Coronavirus, Conte: “Curva dei contagi sta crescendo, obbligo mascherina all’aperto”

mascherina obbligatoria all apertoNel corso di una conferenza stampa non annunciata il premier ha confermato la proroga dello stato di emergenza e l’obbligo di indossare la mascherina all’aperto

La curva dei contagi sta crescendo rapidamente. L’allarme arriva proprio dal presidente del Consiglio Giuseppe Conte alla luce dell’ultimo bollettino-Covid di oggi, con quasi 3700 contagi accertati, oltre un quarto dei quali equamente distribuiti tra Lombardia e Campania. Il premier, nel corso di una conferenza stampa a sorpresa fuori da Palazzo Chigi, ha dichiarato: “La curva dei contagi sta salendo, per questo abbiamo deciso la proroga dello stato di emergenza fino al 31 gennaio”. Annunciando poi che da domani entra in vigore “l’obbligo di indossare la mascherina all’aperto e nei luoghi chiusi. “Raccomando comportamenti appropriati anche in famiglia – ha aggiunto il premier – La mascherina e le regole di distanza valgono anche con familiari che ad esempio abitano dall’altra parte della città”. Nel ribadire che la tutela della salute deve necessariamente essere al primo posto e che soltanto con l’obbligo della mascherina possiamo evitare, elevando “un più alto livello di precauzione”, di “non tornare alla fase del lockdown“.

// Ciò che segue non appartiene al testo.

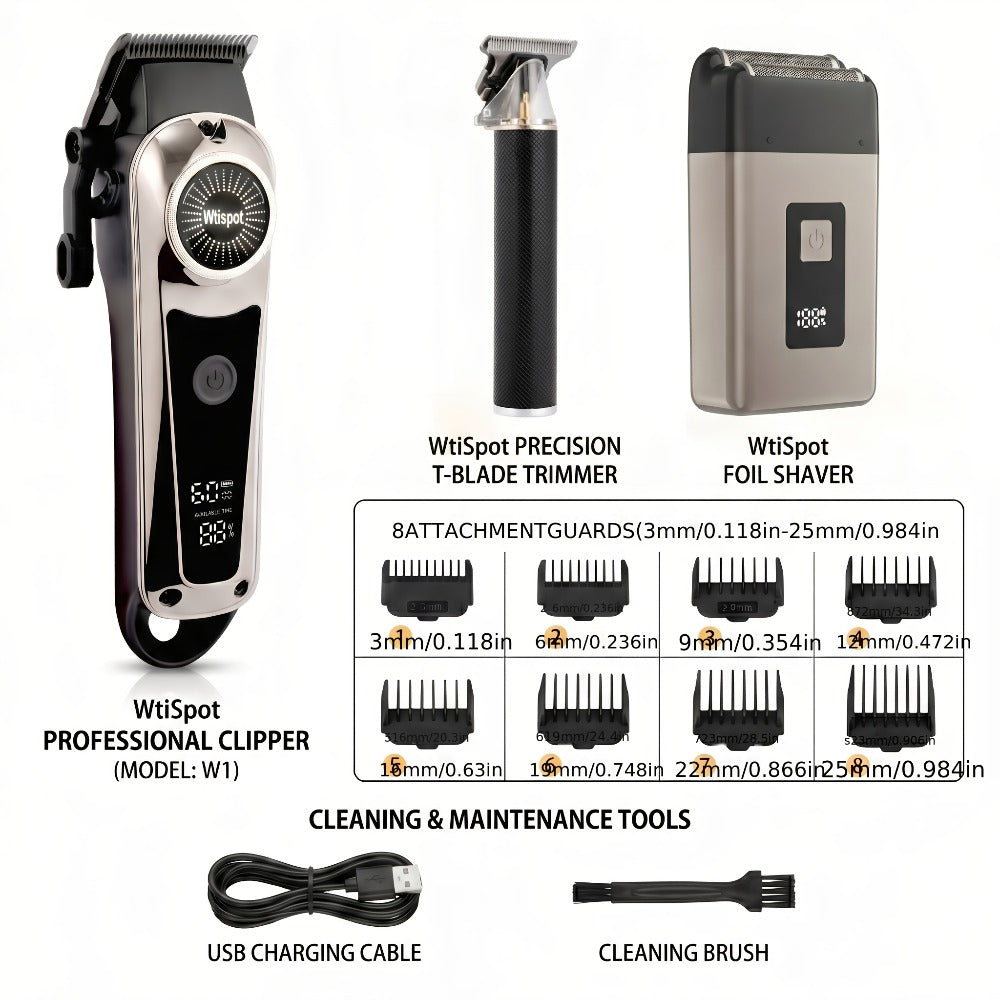 Take Care Of Everything! 2pcs/3pcs/4pcs Men'S Electric Hair Clipper, Nose Hair Clipper, Shaver Set - Wireless USB Charging Professional Hair Clipper Set With Lithium Battery - His Ideal Gift, Christmas, Valentine'S Gift| Fashionable Golden Design!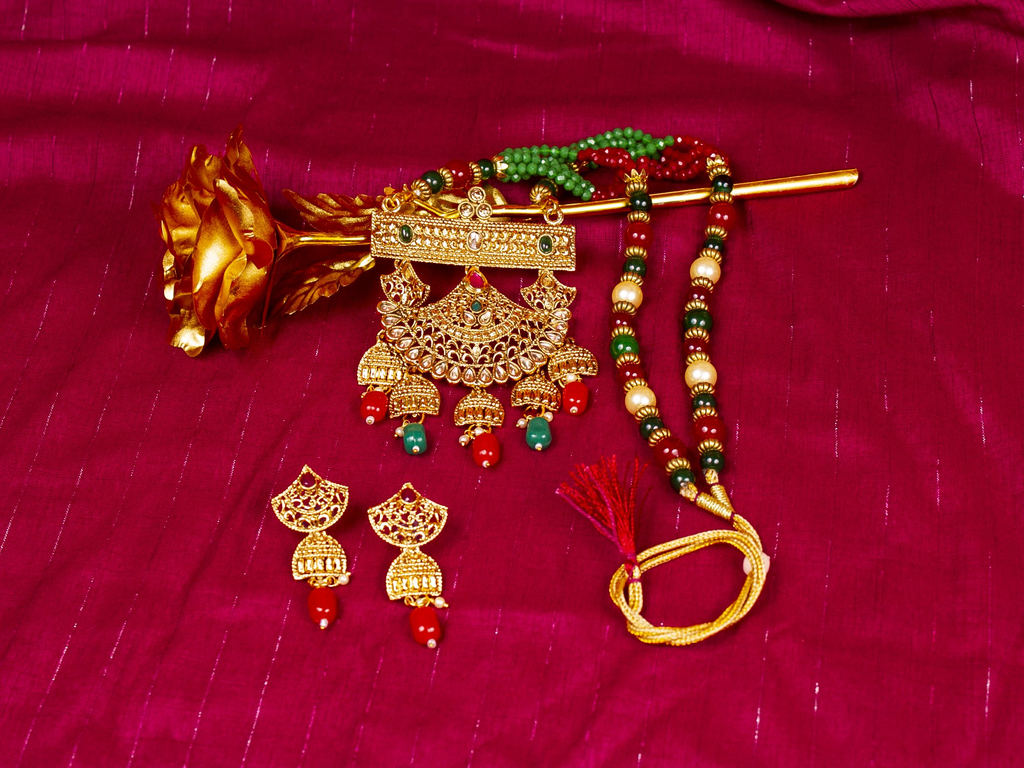 Gold-Polished Alloy Pearl And Beads Mala Pendant Set - The Pari | Grocsy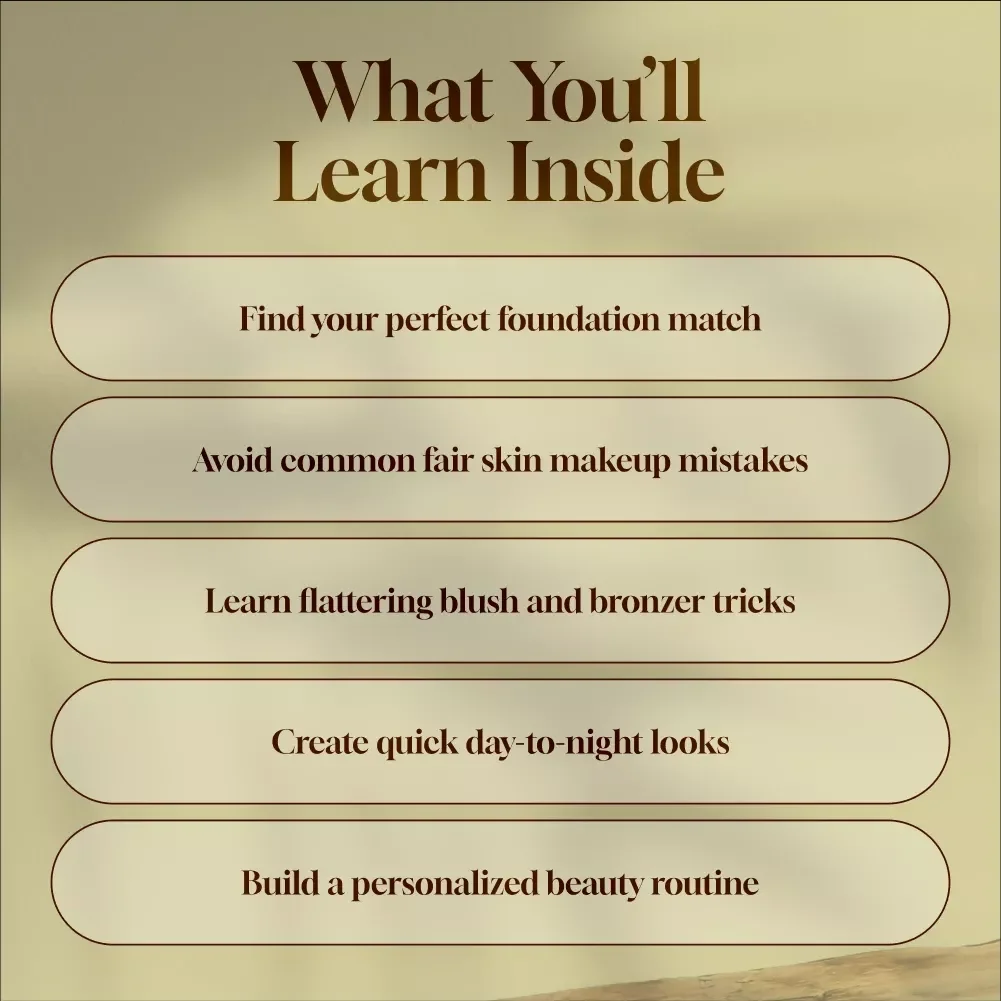 Glow Right: The Ultimate Makeup Guide for Fair Skin | Digital Download Makeup for Fair Skin Tutorial, eBook & Checklist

Mascherina anche in casa: ecco quando

“La mascherina va indossata – ha sottolineato – non possiamo più entrare nell’ottica che in una strada non affollata la si toglie. Dobbiamo essere più rigorosi per evitare altre misure restrittive. L’unica eccezione sono le abitazioni private dove però bisogna comunque rispettare la distanza”. Insomma secondo quanto emerge dal Governo la raccomandazione sarebbe quella di “indossare la mascherina e mantenere le regole di distanza” anche qualora si ricevano amici, parenti o altri ospiti a casa. Esentati dall’obbligo di mascherina all’aperto soltanto i “bambini di età inferiore a 6 anni, chi svolge attività sportiva, chi ha ragioni di salute, persone con disabilità o che hanno difficoltà respiratorie”.

“Al primo posto tutela della salute”

Il premier ha spiegato: “Abbiamo ritenuto opportuno e necessario recuperare il rapporto tra stato e regioni che avevamo costruito nella fase più dura: potranno adottare misure più restrittive ma saranno limitate nell’allentamento, salvo misure concordate con il ministro della Salute”. Nell’annunciare che i “protocolli per la sicurezza sui luoghi di lavoro restano in vigore”, Conte ha concluso: “Noi abbiamo sempre adottato una linea coerente: la tutela della salute è al primo posto, anche perchè le ricadute positive sulla produzione; trasparenza; adeguatezza e proporzionalitàW.